BTW: I use the eBlocker‘s DNS standard 1.1.1.1/9.9.9.9 for years and never experienced response delays. So I can not support your suspicion of DNS delay issues. I‘d rather suspect your provider or some WLAN limitations due to many surfing neighbors…
THX!
To say this less technical: If you need some time to look up a phone number (=DNS delay), this does not affect the quality of the phone conversation (=bandwidth) at all. Your call just starts delayed. Using „redial“ (=DNS cache) this delay will not happen on subsequent calls to the same party.
I love your non-tech explanation which makes it pretty clear - even to „Grandma Helga“ 😉 👍👍👍 Thanks for your great work - even on non eBlocker topics 😜
Since the feedback now turned out to be quite different from what I had expected, I would not want to consider my problem as solved yet, so please do not close my request yet.
I would like to prove with my broadband measurements that my problem is exactly as described.
If I enter 9.9.9.9 as the only DNS server in the list in eblocker (this is currently shown to me as unreliable), I have exactly this described effect in my bandwidth measurement. After that, however, nothing gets faster for me and I can only ever measure approx. 30 Mbit instead of the booked 1000 Mbit. No matter how many measurements I take afterwards.
If, on the other hand, I enter 1.1.1.1 as the only DNS server, I get approx. 950 Mbit displayed in the bandwidth measurement.
Therefore, I concluded that the selection of the "right" DNS server has a significant influence on my measurements.
In this respect, I do not understand why my observations are just dismissed as incorrect. Is there any possibility to share or upload my measurements and check them? Or am I simply still not understanding something?
Since I am currently only carrying out my measurements in the LAN via Ethernet cable with the WLAN switched off, I think I can rule out the possibility that any WLAN connections from the neighbourhood are causing the problem. Also, the broadband measurements always give me the information that approx. 1050 Mbit is available at my house connection.
I have already had discussions with the provider, with the result that the booked bandwidth is "available" at my house connection, which I was able to see for myself during a visit by the service technician.
Translated with www.DeepL.com/Translator (free version)
Therefore, I concluded that the selection of the "right" DNS server has a significant influence on my measurements.
I conclude your "measurement" doesn't work properly.
Is there any possibility to share or upload my measurements and check them?

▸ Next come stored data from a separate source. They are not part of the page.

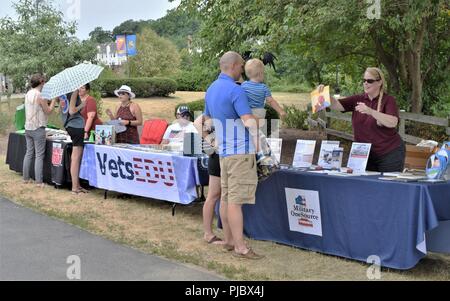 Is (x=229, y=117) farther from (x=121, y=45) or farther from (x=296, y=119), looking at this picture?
(x=121, y=45)

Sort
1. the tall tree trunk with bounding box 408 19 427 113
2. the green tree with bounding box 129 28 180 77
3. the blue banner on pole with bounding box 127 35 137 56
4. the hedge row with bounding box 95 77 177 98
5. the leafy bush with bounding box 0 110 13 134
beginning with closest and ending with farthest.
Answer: the tall tree trunk with bounding box 408 19 427 113, the leafy bush with bounding box 0 110 13 134, the hedge row with bounding box 95 77 177 98, the blue banner on pole with bounding box 127 35 137 56, the green tree with bounding box 129 28 180 77

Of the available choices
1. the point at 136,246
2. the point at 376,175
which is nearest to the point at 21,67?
the point at 136,246

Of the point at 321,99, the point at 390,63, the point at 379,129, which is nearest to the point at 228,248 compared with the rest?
the point at 321,99

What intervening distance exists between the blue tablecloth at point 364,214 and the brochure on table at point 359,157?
274 mm

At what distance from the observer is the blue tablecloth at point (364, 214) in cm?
521

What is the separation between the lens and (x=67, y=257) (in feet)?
20.0

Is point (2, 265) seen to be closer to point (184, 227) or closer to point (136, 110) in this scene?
point (184, 227)

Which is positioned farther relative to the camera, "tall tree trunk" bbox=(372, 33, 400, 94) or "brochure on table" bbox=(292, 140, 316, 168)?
"tall tree trunk" bbox=(372, 33, 400, 94)

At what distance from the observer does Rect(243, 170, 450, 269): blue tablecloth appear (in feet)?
17.1

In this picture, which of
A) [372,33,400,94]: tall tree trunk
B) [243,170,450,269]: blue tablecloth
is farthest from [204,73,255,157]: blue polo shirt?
[372,33,400,94]: tall tree trunk

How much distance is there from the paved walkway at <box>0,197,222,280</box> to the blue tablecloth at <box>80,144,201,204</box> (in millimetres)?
1244

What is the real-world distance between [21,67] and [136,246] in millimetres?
16754

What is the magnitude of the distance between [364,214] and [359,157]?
2.01 ft

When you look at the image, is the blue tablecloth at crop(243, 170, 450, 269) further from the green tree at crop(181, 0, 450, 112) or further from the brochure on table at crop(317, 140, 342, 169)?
the green tree at crop(181, 0, 450, 112)
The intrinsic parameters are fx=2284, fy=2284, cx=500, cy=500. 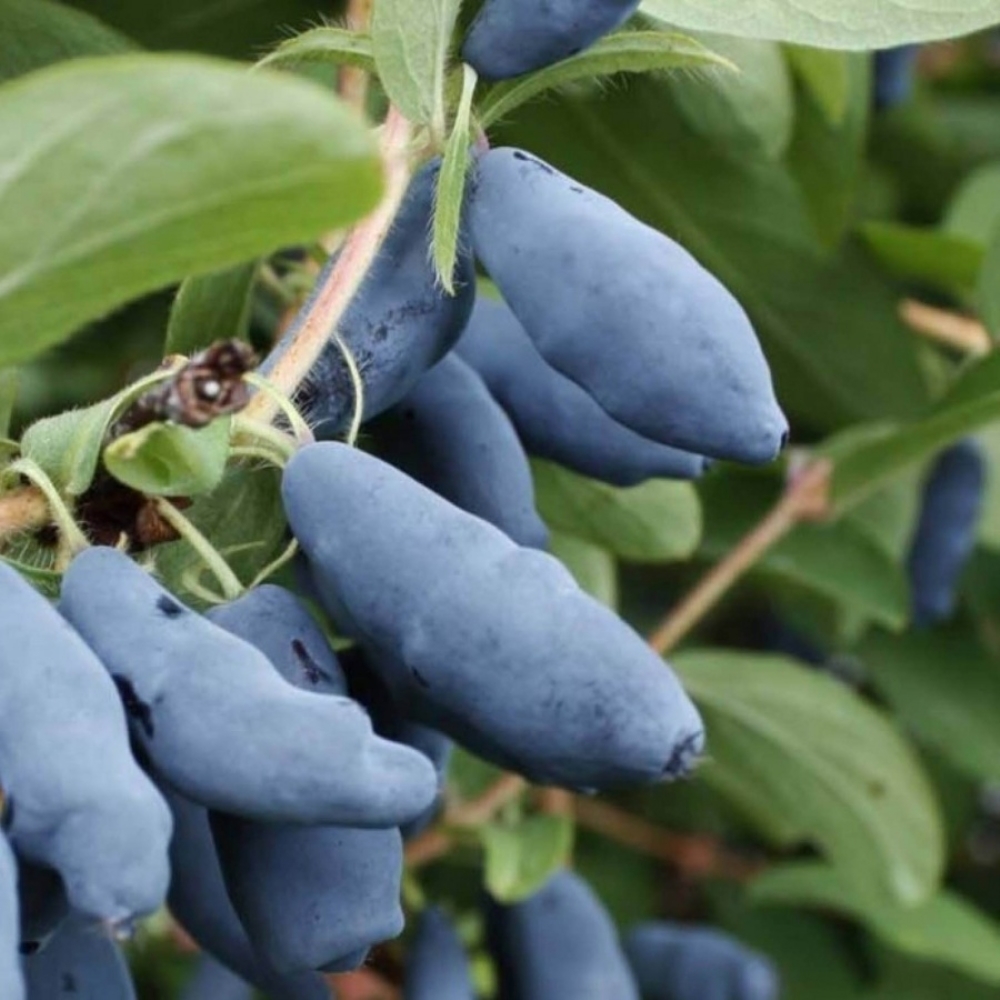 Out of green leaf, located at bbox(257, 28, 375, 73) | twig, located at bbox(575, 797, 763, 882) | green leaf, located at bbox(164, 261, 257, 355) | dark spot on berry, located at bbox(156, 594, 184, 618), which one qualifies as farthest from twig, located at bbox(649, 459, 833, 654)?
dark spot on berry, located at bbox(156, 594, 184, 618)

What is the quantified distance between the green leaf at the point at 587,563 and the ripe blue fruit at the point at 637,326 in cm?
40

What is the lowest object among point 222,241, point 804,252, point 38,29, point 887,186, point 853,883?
point 853,883

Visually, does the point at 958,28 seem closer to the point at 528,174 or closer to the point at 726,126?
the point at 528,174

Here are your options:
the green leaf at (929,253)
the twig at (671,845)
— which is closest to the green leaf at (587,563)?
the green leaf at (929,253)

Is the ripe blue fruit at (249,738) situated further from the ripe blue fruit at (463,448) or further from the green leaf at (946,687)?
the green leaf at (946,687)

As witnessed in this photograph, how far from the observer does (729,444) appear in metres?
0.59

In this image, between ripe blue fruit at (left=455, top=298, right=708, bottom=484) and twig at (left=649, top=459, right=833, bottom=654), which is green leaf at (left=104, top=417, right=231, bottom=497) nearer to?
ripe blue fruit at (left=455, top=298, right=708, bottom=484)

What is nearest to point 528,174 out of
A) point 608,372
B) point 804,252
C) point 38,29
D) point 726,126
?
point 608,372

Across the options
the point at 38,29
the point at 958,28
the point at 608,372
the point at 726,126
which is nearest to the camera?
the point at 608,372

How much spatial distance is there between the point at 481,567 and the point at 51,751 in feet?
0.37

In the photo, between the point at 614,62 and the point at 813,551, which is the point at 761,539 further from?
the point at 614,62

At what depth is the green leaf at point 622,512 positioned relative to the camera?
2.98ft

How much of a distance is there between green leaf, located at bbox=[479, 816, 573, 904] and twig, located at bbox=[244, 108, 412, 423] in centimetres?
50

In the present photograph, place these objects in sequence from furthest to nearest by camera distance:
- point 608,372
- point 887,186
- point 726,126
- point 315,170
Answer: point 887,186, point 726,126, point 608,372, point 315,170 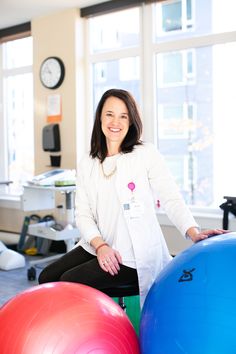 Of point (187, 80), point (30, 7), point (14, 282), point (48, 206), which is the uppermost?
point (30, 7)

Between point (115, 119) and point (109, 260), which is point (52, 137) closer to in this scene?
point (115, 119)

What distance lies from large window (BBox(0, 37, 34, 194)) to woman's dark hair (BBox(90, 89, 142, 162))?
351 centimetres

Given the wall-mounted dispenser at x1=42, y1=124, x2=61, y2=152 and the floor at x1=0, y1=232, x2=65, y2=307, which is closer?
the floor at x1=0, y1=232, x2=65, y2=307

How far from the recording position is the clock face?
15.5 feet

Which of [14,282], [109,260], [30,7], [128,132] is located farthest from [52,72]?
[109,260]

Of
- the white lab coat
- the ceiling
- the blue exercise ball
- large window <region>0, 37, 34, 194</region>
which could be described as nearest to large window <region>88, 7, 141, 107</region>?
the ceiling

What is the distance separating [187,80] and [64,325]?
3.19m

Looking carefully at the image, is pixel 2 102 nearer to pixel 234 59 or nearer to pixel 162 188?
pixel 234 59

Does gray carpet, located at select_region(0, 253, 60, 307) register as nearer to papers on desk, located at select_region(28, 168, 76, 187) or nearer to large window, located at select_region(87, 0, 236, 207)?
papers on desk, located at select_region(28, 168, 76, 187)

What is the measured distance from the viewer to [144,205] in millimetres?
1815

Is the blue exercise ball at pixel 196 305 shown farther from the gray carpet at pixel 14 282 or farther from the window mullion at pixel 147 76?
the window mullion at pixel 147 76

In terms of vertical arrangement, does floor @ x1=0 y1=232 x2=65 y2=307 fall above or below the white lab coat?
below

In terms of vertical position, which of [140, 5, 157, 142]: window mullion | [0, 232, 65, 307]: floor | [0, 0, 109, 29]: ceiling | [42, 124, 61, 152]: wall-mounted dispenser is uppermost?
[0, 0, 109, 29]: ceiling

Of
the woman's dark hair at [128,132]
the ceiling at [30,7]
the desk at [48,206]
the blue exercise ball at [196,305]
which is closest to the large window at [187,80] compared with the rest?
the ceiling at [30,7]
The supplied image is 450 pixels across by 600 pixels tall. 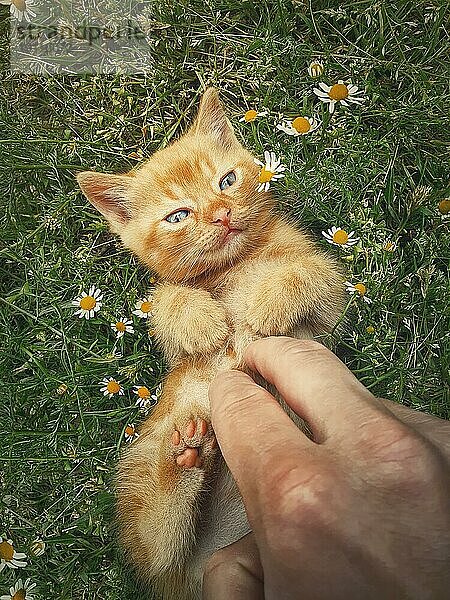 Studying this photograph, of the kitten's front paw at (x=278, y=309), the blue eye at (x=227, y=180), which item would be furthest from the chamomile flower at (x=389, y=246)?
the blue eye at (x=227, y=180)

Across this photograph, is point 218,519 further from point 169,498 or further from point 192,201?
point 192,201

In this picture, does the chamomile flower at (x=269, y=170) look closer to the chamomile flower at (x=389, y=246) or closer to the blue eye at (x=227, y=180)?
the blue eye at (x=227, y=180)

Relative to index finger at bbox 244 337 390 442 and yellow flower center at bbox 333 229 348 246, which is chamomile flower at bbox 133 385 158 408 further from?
yellow flower center at bbox 333 229 348 246

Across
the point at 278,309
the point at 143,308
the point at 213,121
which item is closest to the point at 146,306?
the point at 143,308

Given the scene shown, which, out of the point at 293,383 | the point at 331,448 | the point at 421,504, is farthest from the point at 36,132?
the point at 421,504

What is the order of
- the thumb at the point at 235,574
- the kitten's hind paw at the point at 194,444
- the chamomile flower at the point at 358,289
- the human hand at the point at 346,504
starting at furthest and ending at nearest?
1. the chamomile flower at the point at 358,289
2. the kitten's hind paw at the point at 194,444
3. the thumb at the point at 235,574
4. the human hand at the point at 346,504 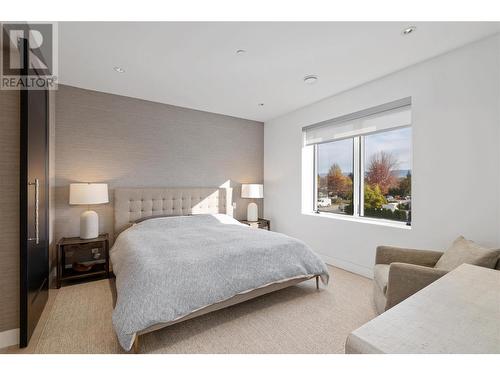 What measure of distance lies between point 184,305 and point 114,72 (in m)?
2.65

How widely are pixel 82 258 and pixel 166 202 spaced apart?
4.32 ft

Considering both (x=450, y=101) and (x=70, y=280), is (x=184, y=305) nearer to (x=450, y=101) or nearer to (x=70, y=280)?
(x=70, y=280)

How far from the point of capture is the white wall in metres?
2.12

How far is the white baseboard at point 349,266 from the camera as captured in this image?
3.12 meters

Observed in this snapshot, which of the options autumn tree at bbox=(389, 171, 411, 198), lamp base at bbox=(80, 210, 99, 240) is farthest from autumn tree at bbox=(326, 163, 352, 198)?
lamp base at bbox=(80, 210, 99, 240)

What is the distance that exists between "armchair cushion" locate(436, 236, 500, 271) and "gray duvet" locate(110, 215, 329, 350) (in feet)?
3.64

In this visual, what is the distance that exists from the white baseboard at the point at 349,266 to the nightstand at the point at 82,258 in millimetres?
3071

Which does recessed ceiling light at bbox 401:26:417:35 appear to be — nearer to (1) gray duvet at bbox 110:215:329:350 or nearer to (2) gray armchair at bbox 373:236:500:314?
(2) gray armchair at bbox 373:236:500:314

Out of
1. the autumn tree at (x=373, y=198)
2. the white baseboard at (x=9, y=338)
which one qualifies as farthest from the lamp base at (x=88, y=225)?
the autumn tree at (x=373, y=198) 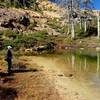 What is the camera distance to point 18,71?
21812 millimetres

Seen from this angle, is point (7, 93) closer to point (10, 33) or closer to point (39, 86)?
point (39, 86)

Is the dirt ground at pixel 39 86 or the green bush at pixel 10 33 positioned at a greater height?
the green bush at pixel 10 33

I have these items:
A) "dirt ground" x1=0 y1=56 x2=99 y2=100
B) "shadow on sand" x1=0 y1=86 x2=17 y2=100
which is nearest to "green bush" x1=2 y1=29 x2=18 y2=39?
"dirt ground" x1=0 y1=56 x2=99 y2=100

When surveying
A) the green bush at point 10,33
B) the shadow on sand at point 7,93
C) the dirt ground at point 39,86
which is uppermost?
the green bush at point 10,33

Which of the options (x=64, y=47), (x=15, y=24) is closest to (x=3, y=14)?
(x=15, y=24)

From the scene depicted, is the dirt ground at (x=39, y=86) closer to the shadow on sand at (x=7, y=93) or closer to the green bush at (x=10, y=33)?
the shadow on sand at (x=7, y=93)

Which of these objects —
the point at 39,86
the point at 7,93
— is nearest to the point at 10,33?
the point at 39,86

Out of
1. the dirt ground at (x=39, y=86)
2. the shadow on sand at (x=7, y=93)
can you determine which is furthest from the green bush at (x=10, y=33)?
the shadow on sand at (x=7, y=93)

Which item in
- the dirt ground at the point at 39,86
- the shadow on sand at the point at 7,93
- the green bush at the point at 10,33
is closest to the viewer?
the shadow on sand at the point at 7,93

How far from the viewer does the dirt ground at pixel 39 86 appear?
49.8 ft

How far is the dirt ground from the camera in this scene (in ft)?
49.8

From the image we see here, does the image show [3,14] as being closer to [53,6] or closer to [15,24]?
[15,24]

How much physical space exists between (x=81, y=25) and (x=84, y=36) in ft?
19.7

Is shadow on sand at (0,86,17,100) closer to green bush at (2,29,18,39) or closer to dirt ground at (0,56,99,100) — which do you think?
dirt ground at (0,56,99,100)
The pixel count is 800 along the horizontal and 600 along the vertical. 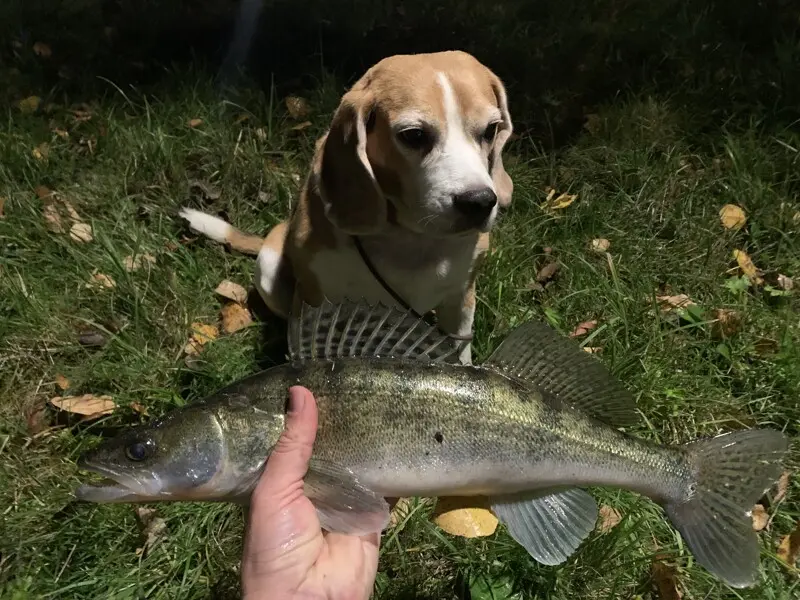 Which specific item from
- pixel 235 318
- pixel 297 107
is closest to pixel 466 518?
pixel 235 318

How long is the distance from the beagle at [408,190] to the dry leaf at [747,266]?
1.32 meters

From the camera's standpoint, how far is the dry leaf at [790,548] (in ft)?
7.62

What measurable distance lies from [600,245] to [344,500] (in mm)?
2145

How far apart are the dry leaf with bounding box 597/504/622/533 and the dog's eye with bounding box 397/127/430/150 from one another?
1419mm

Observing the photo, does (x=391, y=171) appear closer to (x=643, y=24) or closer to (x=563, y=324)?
(x=563, y=324)

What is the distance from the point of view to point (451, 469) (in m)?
1.69

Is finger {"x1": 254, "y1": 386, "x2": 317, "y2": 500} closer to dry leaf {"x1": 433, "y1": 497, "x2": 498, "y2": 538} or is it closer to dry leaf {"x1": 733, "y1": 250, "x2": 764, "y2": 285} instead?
dry leaf {"x1": 433, "y1": 497, "x2": 498, "y2": 538}

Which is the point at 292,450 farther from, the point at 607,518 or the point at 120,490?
the point at 607,518

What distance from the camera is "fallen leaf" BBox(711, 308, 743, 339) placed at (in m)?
2.89

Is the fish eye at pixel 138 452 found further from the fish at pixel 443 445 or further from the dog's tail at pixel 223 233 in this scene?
the dog's tail at pixel 223 233

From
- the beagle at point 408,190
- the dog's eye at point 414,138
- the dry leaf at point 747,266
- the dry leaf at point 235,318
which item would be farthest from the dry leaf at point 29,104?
the dry leaf at point 747,266

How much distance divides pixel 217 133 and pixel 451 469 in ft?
9.13

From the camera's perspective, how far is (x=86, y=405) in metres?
2.69

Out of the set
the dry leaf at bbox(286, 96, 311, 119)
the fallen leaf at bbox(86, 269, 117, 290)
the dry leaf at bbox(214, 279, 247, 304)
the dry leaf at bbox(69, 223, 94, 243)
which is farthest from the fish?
the dry leaf at bbox(286, 96, 311, 119) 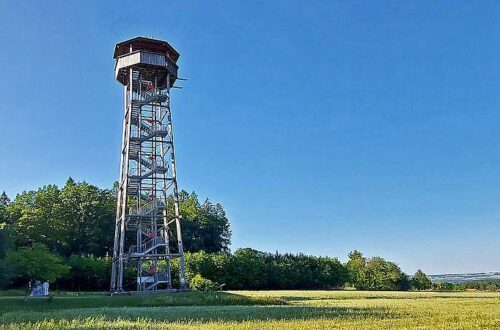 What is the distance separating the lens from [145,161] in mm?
46562

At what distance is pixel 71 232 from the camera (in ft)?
231

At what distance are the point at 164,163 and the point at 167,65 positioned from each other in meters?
10.0

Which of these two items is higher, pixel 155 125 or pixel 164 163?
pixel 155 125

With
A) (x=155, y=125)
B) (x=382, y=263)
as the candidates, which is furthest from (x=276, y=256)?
(x=155, y=125)

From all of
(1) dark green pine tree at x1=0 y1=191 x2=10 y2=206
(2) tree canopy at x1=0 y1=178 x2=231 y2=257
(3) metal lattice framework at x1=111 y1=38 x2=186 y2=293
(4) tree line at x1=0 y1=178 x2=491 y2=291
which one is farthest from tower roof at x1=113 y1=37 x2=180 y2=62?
(1) dark green pine tree at x1=0 y1=191 x2=10 y2=206

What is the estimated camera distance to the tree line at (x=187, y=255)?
5678 centimetres

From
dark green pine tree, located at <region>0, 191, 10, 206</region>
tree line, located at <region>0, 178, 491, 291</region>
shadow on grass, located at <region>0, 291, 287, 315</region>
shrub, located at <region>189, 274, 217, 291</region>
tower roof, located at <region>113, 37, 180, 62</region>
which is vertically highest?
tower roof, located at <region>113, 37, 180, 62</region>

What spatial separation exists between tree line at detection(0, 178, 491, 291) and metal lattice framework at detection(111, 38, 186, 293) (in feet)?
27.3

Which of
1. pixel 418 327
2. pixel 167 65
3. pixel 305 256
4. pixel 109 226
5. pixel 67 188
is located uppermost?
pixel 167 65

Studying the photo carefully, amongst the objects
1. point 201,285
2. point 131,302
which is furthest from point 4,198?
point 131,302

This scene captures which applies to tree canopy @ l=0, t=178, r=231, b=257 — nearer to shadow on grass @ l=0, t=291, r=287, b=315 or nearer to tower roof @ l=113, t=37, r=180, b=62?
tower roof @ l=113, t=37, r=180, b=62

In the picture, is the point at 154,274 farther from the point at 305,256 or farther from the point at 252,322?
the point at 305,256

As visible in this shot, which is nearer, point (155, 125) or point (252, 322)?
point (252, 322)

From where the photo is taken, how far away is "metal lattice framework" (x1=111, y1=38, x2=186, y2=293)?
44656mm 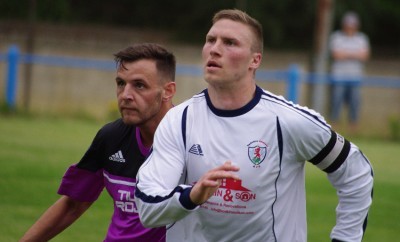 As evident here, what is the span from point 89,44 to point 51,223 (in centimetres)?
1843

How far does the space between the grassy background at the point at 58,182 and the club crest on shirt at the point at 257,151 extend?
14.4 ft

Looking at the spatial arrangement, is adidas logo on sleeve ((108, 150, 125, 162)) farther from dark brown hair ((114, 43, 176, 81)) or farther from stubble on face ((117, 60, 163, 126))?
dark brown hair ((114, 43, 176, 81))

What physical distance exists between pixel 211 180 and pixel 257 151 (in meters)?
0.57

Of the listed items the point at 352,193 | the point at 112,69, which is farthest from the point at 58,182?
the point at 112,69

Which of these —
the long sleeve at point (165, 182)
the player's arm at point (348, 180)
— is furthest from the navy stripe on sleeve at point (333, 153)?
the long sleeve at point (165, 182)

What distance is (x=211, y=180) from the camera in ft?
14.6

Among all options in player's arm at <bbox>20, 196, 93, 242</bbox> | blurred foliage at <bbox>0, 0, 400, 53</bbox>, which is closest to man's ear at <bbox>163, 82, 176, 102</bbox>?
player's arm at <bbox>20, 196, 93, 242</bbox>

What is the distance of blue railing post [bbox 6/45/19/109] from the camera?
1917 centimetres

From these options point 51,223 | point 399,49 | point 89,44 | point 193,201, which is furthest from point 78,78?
point 193,201

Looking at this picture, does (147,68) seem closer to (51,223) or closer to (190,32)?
(51,223)

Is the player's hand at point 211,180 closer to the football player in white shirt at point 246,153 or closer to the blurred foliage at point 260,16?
the football player in white shirt at point 246,153

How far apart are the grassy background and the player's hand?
463cm

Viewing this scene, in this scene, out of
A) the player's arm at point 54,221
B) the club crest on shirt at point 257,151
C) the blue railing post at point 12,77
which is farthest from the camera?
the blue railing post at point 12,77

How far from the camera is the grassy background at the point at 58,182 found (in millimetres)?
9930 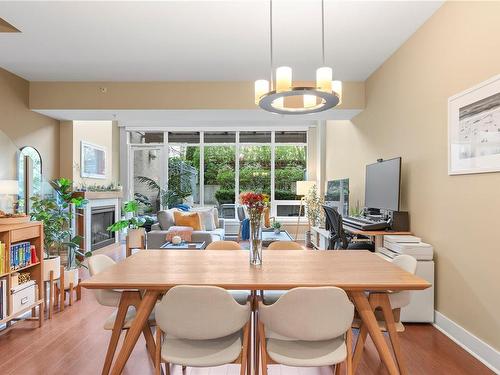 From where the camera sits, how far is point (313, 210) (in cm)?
703

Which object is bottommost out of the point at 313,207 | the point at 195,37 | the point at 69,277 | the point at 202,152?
the point at 69,277

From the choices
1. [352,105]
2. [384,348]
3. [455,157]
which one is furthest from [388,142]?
[384,348]

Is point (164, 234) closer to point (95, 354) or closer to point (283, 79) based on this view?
point (95, 354)

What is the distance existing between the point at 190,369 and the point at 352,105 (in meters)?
4.12

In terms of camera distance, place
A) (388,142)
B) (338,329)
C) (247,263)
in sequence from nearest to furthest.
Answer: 1. (338,329)
2. (247,263)
3. (388,142)

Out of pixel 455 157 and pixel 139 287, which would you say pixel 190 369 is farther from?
pixel 455 157

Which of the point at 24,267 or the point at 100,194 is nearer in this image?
the point at 24,267

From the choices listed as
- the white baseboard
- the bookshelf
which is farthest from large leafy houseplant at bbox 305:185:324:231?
the bookshelf

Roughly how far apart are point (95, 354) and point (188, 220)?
3.17 metres

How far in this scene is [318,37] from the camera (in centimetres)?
343

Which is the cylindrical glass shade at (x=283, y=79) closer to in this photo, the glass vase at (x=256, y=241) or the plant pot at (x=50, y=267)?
the glass vase at (x=256, y=241)

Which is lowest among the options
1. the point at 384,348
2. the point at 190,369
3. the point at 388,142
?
the point at 190,369

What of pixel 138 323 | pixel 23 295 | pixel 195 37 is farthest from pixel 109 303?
pixel 195 37

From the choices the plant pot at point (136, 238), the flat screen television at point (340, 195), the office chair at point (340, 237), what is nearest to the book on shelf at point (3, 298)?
the plant pot at point (136, 238) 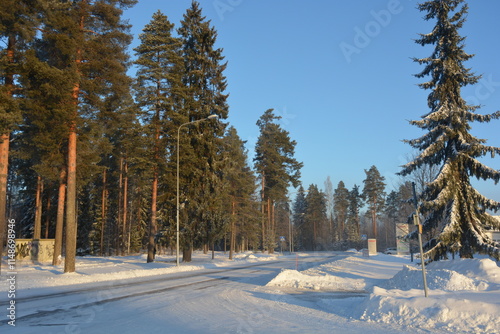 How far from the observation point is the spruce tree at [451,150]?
663 inches

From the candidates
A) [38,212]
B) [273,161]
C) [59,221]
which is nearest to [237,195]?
[273,161]

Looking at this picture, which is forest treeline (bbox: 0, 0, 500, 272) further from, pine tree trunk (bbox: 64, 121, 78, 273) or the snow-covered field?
the snow-covered field

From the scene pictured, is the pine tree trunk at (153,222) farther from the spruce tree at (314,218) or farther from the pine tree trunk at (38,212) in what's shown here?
the spruce tree at (314,218)

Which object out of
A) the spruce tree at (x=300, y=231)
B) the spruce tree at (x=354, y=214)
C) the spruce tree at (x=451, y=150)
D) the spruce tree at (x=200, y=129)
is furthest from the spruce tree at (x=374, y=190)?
the spruce tree at (x=451, y=150)

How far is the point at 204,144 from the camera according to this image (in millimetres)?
32625

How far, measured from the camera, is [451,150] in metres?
17.9

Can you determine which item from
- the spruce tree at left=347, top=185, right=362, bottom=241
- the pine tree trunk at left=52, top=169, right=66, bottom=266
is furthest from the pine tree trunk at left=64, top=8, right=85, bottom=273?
the spruce tree at left=347, top=185, right=362, bottom=241

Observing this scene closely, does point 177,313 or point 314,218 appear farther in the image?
point 314,218

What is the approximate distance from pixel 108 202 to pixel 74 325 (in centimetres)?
5007

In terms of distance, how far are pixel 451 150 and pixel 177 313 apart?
15181 millimetres

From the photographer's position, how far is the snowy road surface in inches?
310

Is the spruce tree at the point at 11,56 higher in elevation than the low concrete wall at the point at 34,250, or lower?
higher

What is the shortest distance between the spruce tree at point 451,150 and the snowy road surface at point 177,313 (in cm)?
659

Or am I simply still not understanding something?
As much as it's a fact that the time for looking up the phone number has no influence on the quality of the phone call, it's a technical fact that DNS has no influence on bandwidth. 100% the same thing!
Again: I'm happy to help with eBlocker related questions. Your question is not related to eBlocker and maybe someone else wants to hop in to "explain how the Internet works". I'm out as this is beyond the scope of my support.
THX!
OK, if this is definitely not a problem with eblocker, I can understand why you can't go into it here.
Nevertheless, thank you for the feedback.
It's not an eBlocker issue because you found out that DNS provider A results in "low bandwidth" and DNS provider B results in "high bandwidth". The DNS provider is not part of eBlockerOS but your free choice. So there is no correlation of your findings to eBlockerOS at all.
You could even verify that eBlocker is not involved by setting the DNS manually in the OS of your client (not using eBlocker at all) and running your tests again. (see here for a how to on macOS - make sure eBlocker is paused when testing this: https://www.macinstruct.com/tutorials/how-to-change-your-macs-dns-servers/ )
Nevertheless, I'm with @random: Your "bandwidth test" seems to take the DNS resolving time falsely into account - even this is not making an impact on bandwidth. So I agree with his conclusion that your bandwidth test is not properly testing the bandwidth (but rather the loading time of a request - which is a very much different thing!).